# Solved: Can't Get into Microsoft Websites



## Boco (Jun 29, 2005)

When I try to get into any Microsoft website, I get the "I can't find web page." i.e. if the website has "www.Microsoft.com" as part of the URL, I get the "can't find page" message. Even when using the "Windows Update" on the Control Panel I get the same "can't find page" message. I've updated and ran Norton and also updated and ran Malwarebytes - both showing no problems.

I'm running XP SP3. The last MS update I received is dated 3/12/09. Should I try to use System Restore to get back to that time or do I have some kind of malware problem? If Malware, any suggestion on what to use to get rid of it?


----------



## Phantom010 (Mar 9, 2009)

Delete your Temporary Internet Files and History. Then add Windows Update to the Trusted Zones Site.

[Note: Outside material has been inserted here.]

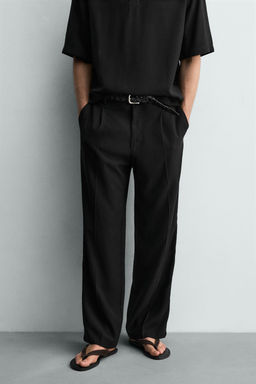 PANTAL?N FLUIDO RELAXED FIT PLIEGUES / Negro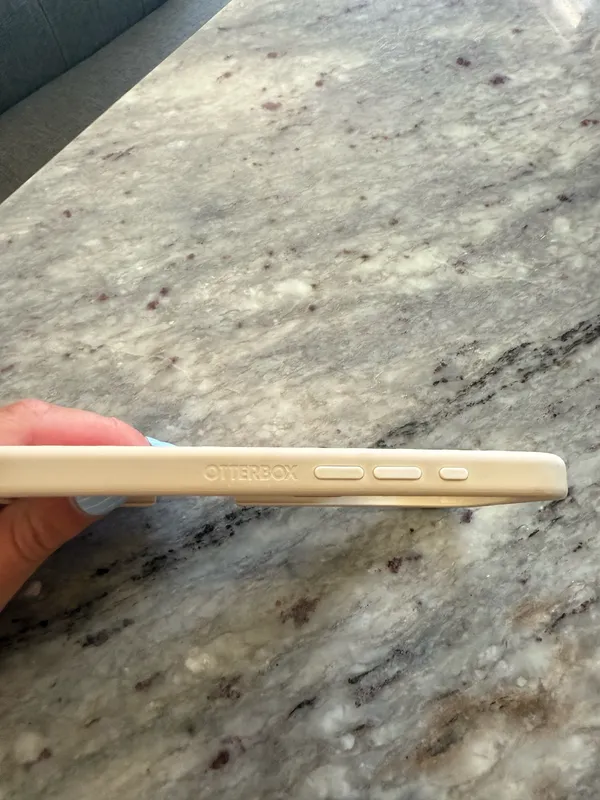 Otter box phone case iPhone 16 pro - Image 3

Security settings in Internet Explorer must be set to Medium-High or lower for ActiveX files to correctly pass to your computer. Only the Web sites listed in Internet Explorer's Trusted Sites Zone will be affected by the lowering of Security settings. Your current security settings for all other Web sites will remain as they are currently configured.​
From the main toolbar in Internet Explorer, click Tools, and then click Internet Options.
Click Security.
Click Trusted Sites Zone.
Click Sites.
Click "Require server verification (https: ) for all sites in this zone" to clear the selection.
In the "Add this Web site to the zone:" field, type http://*.microsoft.com and then click Add.
Click OK.
Click Custom Level and select Enable for the following items: 
Download signed ActiveX controls.
Download unsigned ActiveX controls.
Initialize and script ActiveX controls not marked as safe.
Run ActiveX controls and plug-ins.
Script ActiveX controls marked safe for scripting.
Click OK, and then click OK again to exit Internet Properties.​


----------



## Boco (Jun 29, 2005)

I followed your instructions and still get the message "Internet Explorer cannot display the webpage" when I enter "www.microsoft.com" in the URL on the IE7 browser. 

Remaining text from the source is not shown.